China's president warns against growing threats to national security
BEIJING (Reuters) - Chinese President Xi Jinping said on Saturday that China faces increasing threats to national security and warned of the dangers of terrorism in a speech indicating that Beijing could impose tougher controls on its ethnic minorities.
Xi told a study session of the party's decision-making Politburo "to resolutely stamp out the brazenness of the terrorists," the state-run Xinhua news agency said.
Xi's comments come at a sensitive time for China, as authorities battle unrest in the Tibetan regions and in Xinjiang, home to Muslim Uighurs.
Unrest in Xinjiang has led to the deaths of more than 100 people in the past year, prompting a tougher stance against the Muslim Uighur minority.
The government blames the violence in Xinjiang on Islamist militants and separatists who want to establish an independent state called East Turkestan in the far western region.
More than 120 Tibetans have set themselves on fire since 2009 to protest Beijing's rule, with many calling for the return of their exiled spiritual leader, the Dalai Lama.
Beijing says the self-immolators are "terrorists". Most have died from their injuries.
"We have to be clearly aware that in the new situation, our country is facing increasing threats and challenges to our national security and increasing threats to our social stability," Xi said.

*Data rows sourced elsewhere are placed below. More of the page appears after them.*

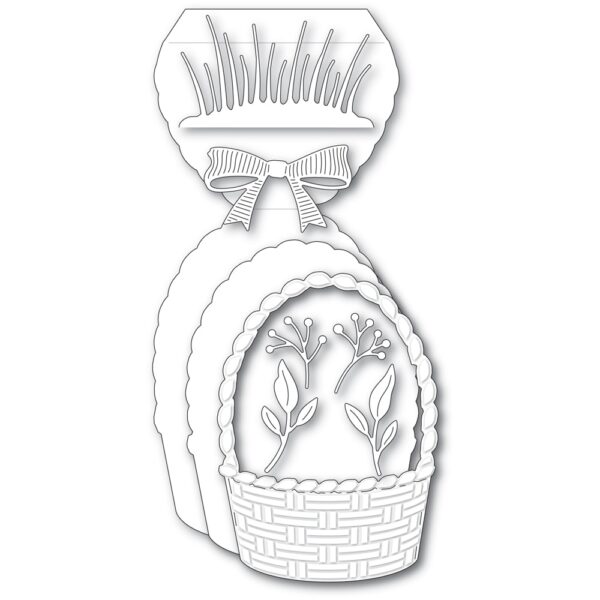 Poppystamps Craft Die - Woven Basket Pop-Up Easel Set 2463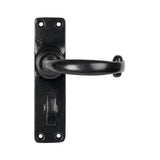 From The Anvil - Black MF Lever Bathroom Set | Sku. 46575 | Trade Door Handles.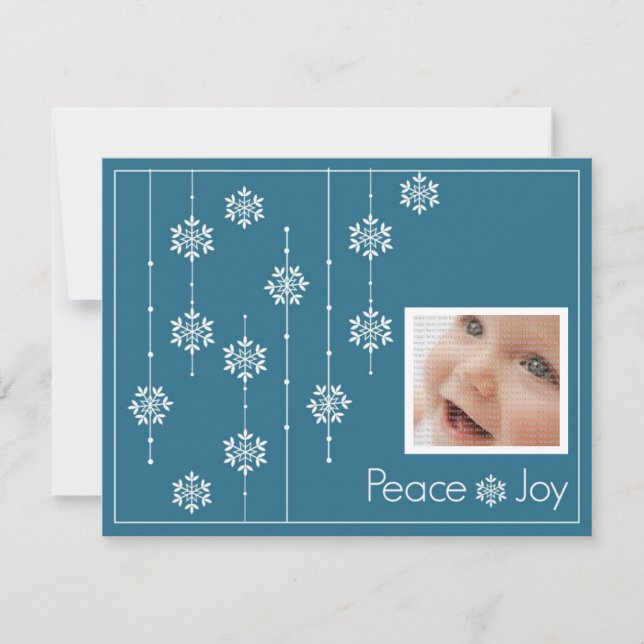 Snowflake Photo Cartes de fin de année personnalis (Devant)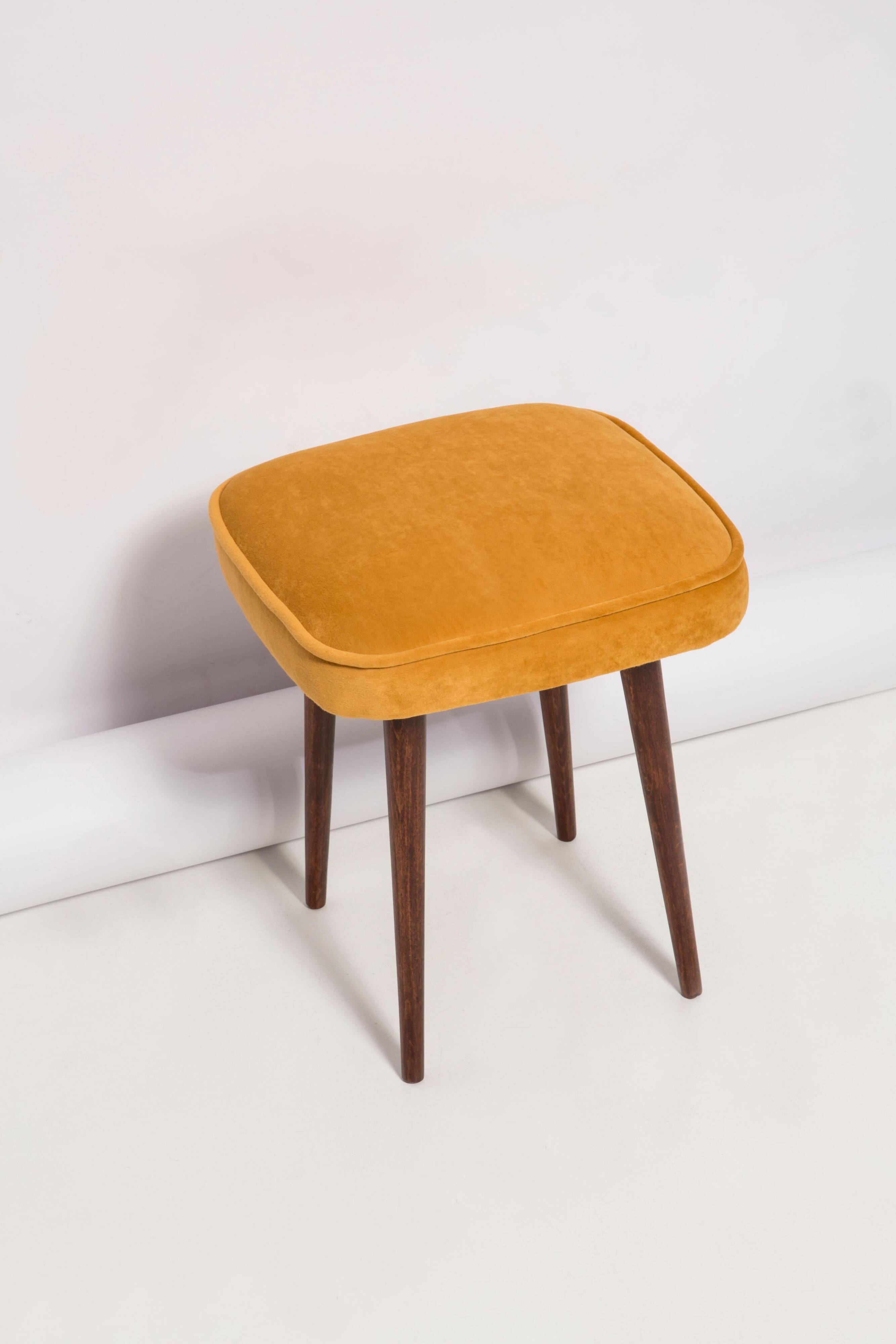Set of two mustard yellow stools, Europe, 1960s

The Chinese public must build a "wall of bronze and iron" to fight terrorism, and "make terrorists become like rats scurrying across a street, with everybody shouting 'beat them'," he said.

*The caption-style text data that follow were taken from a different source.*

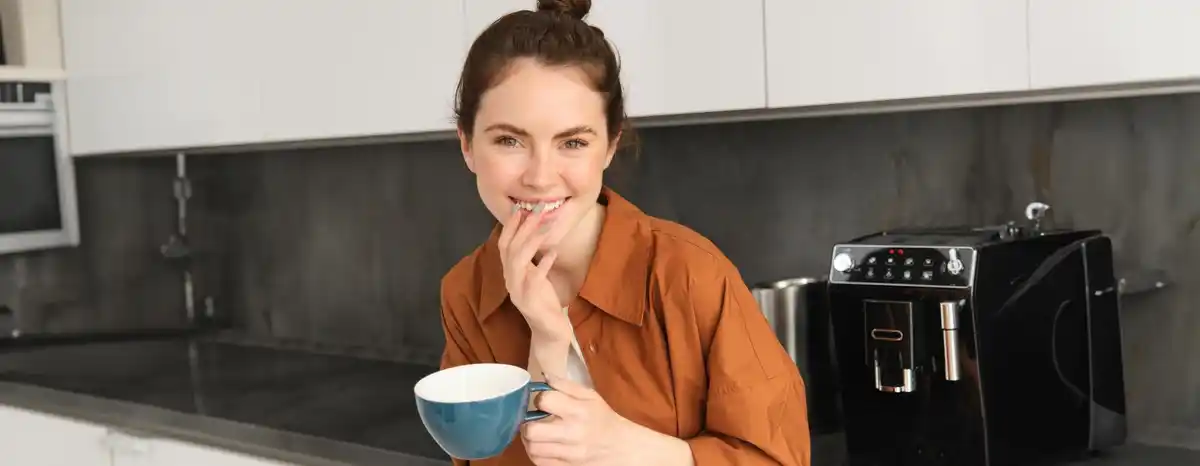 coffee grounds deodorizer fridge modern Czech kitchen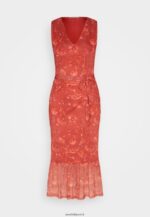 femmes robe droite beige/rose/multicolore 006BT212 Anna Field - Image 5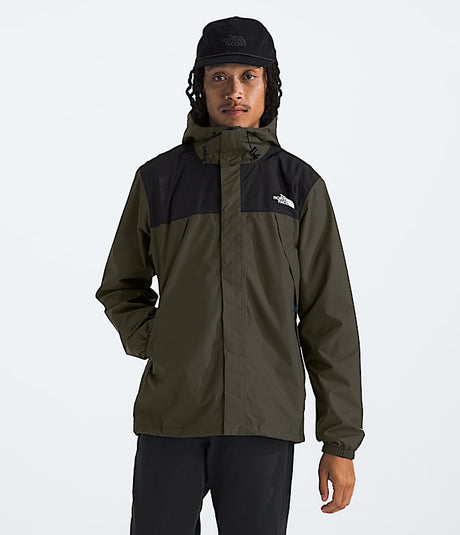 The North Face Mens Antora Jacket - New Taupe Green / TNF Black New Taupe Green / TNF Black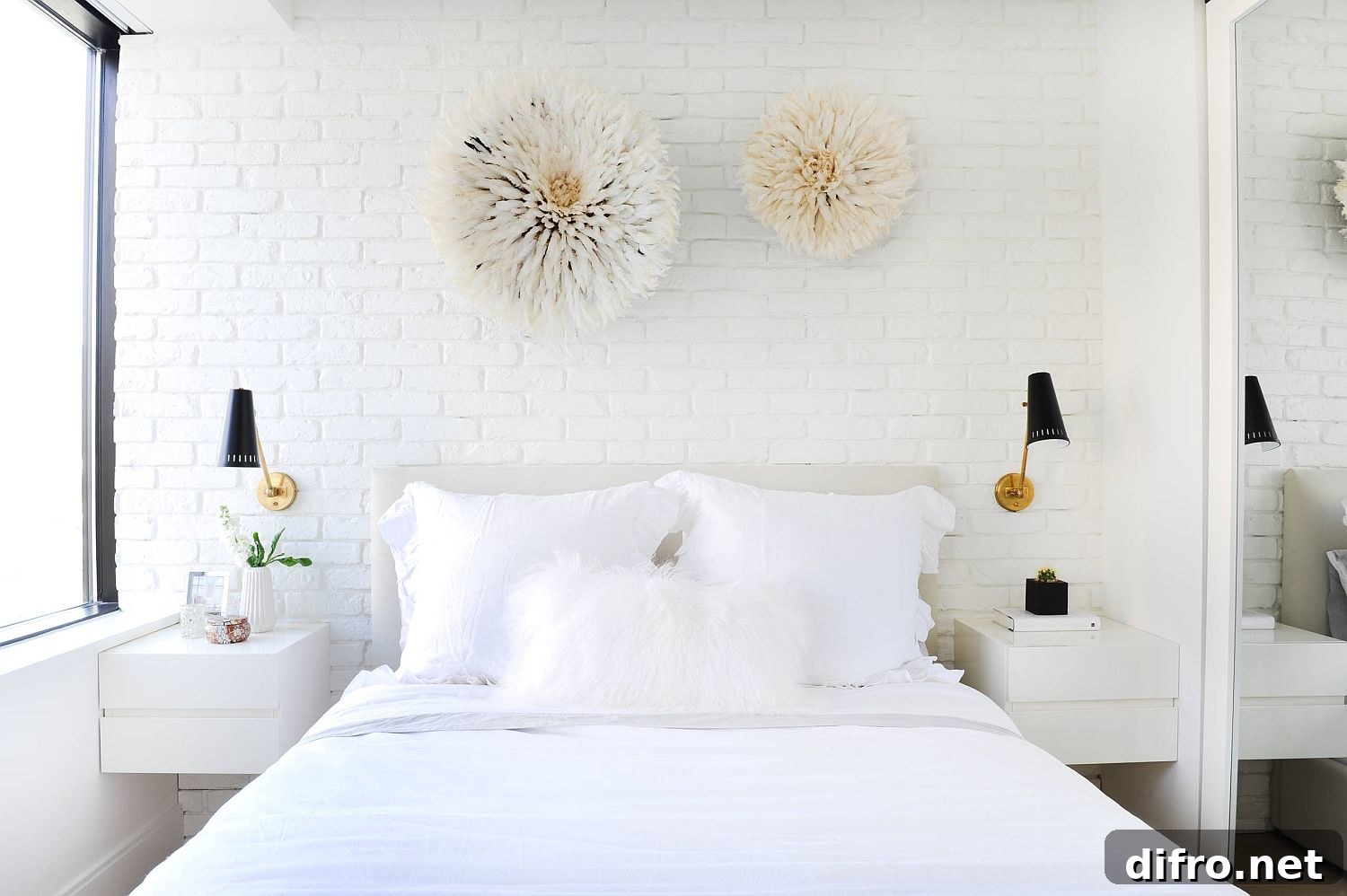 Monochromatic bedroom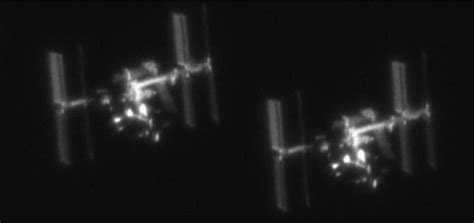 Amazing Telescopic Pictures Of The Space Station And A Cargo Ship
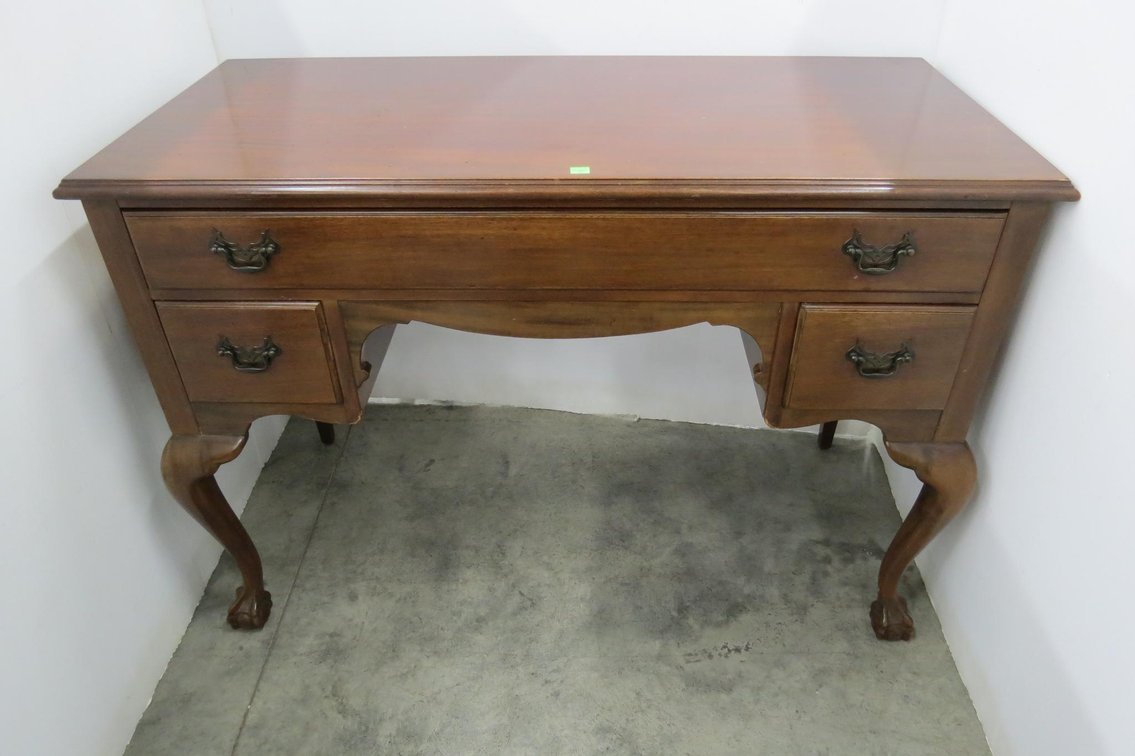 Johnson Furniture Desk With Ball and Claw Feet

Xi called on officials to "properly resolve disputes affecting national unity and resolutely curb and combat hostile forces from outside and inside the country from using the ethnic issue to engage in separatist, infiltration and sabotage activities".
Xi did not refer to Tibetans or Uighurs, but his remarks reflect the rhetoric often used by party leaders when discussing ethnic unrest and underscore Beijing's anxiety about minority issues.
Human rights groups have said that Beijing tramples on the religious and cultural rights of Tibetans and Uighurs and enforces its rule with brutality. China says ethnic minorities enjoy broad freedoms.
Beijing has called the Dalai Lama, who fled to India after a failed uprising in 1959, a "wolf in sheep's clothing" who wants to establish an independent Tibet. The Dalai Lama says he wants autonomy for Tibet and denies advocating violence.
Security has been tightened in Xinjiang after a spate of deadly attacks, including an incident in the southwestern city of Kunming in March, in which at least 29 people were killed and 140 injured, blamed by Beijing on Uighur militants.
Last October, a vehicle ploughed into tourists on Beijing's Tiananmen Square, killing the three people in the car and two bystanders. Authorities said it was a suicide attack by militants from Xinjiang.
Xi's administration has intensified a crackdown on dissent. Beijing sparked an outcry from Western nations in January when police detained Ilham Tohti, a professor who has championed the rights of Uighurs.